AIM OF THE EXERCISE. Output each record below exactly. No images go in the copy.

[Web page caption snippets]
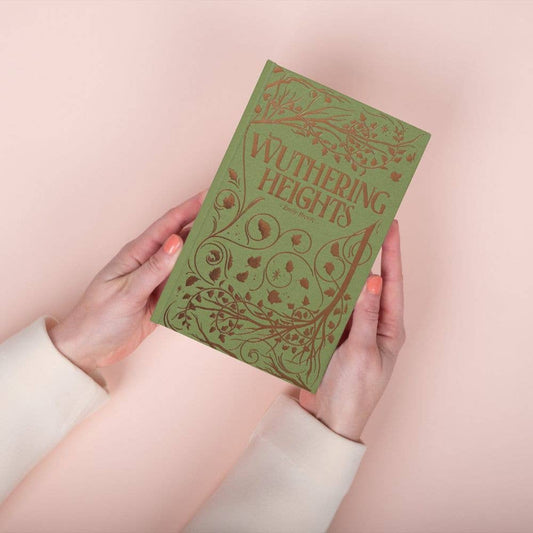 Wuthering Heights | Emily Brontë Collector’s Edition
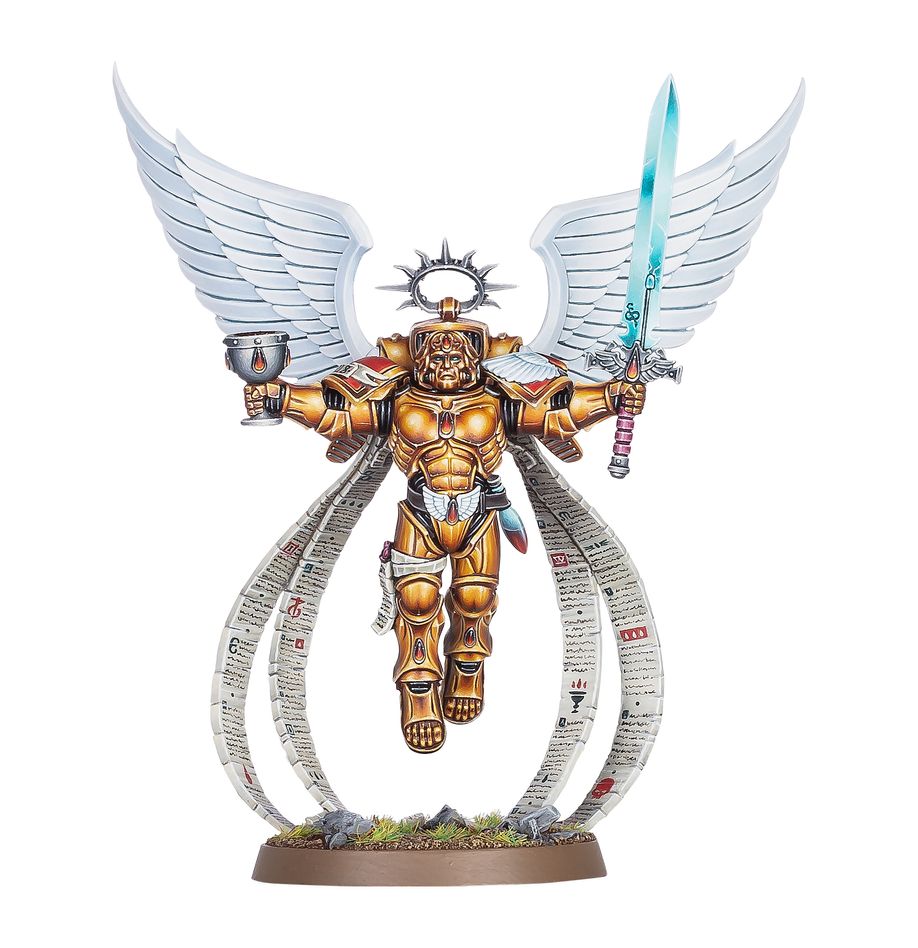 The Sanguinor - Blood Angels - WARHAMMER 40,000 10TH EDITION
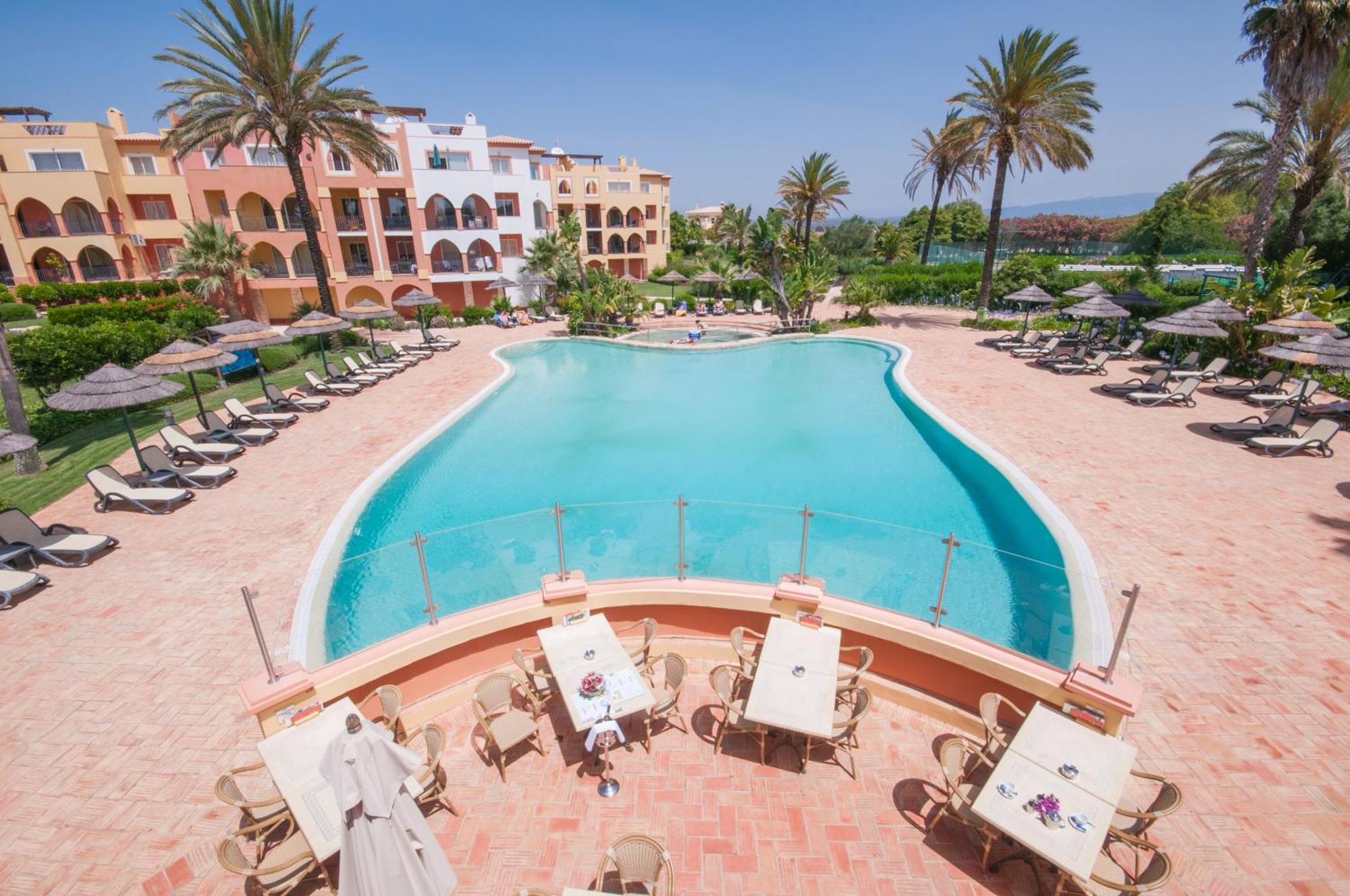 Jardim Da Meia Praia Resort Lagos Exteriér fotografie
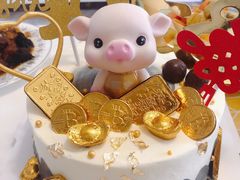 -彤彤家烘焙·蛋糕·甜品台·茶歇(远洋国际中心店)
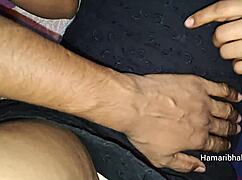 indian wife threesome gets wild with friend 😈🔥💦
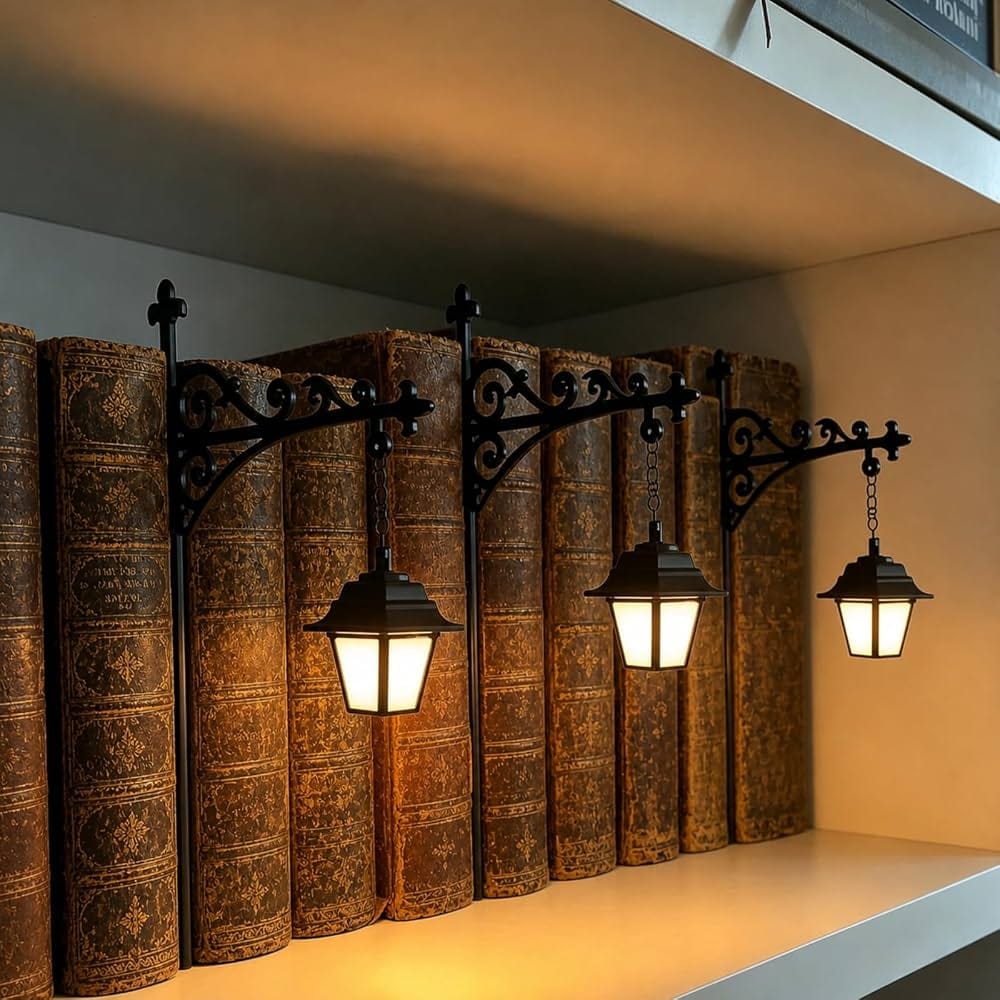 Customer photo review of LibroLamp™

RESULT OF THE TASK.
 Wuthering Heights | Emily Brontë Collector’s Edition
 The Sanguinor - Blood Angels - WARHAMMER 40,000 10TH EDITION
 Jardim Da Meia Praia Resort Lagos Exteriér fotografie
 -彤彤家烘焙·蛋糕·甜品台·茶歇(远洋国际中心店)
 indian wife threesome gets wild with friend 😈🔥💦
 Customer photo review of LibroLamp™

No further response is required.